*DATA FOR THIS EXERCISE*
^^^^^^^^^^^^^^^^

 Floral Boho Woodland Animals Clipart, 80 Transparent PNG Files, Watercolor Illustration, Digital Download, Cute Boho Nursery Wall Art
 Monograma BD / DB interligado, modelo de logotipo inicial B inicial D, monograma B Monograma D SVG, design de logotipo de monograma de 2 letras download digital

^^^^^^^^^^^^^^^^

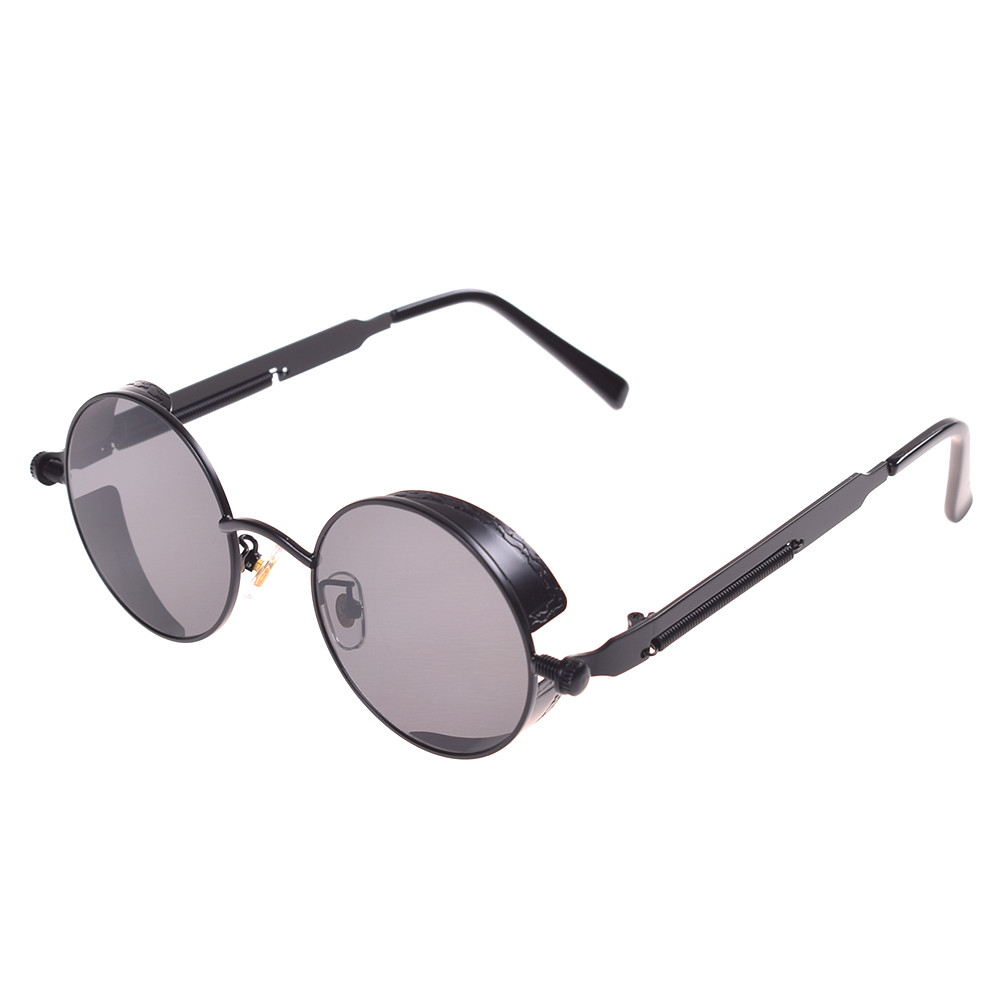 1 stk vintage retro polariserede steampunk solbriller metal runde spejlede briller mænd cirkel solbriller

^^^^^^^^^^^^^^^^

*EXERCISE DESCRIPTION*
What is asked for is an exact copy of the lines above from the one containing "Floral Boho Woodland" through the one containing "Monograma BD /", and only those.

*RESPONSE TO THIS EXERCISE*
 Floral Boho Woodland Animals Clipart, 80 Transparent PNG Files, Watercolor Illustration, Digital Download, Cute Boho Nursery Wall Art
 Monograma BD / DB interligado, modelo de logotipo inicial B inicial D, monograma B Monograma D SVG, design de logotipo de monograma de 2 letras download digital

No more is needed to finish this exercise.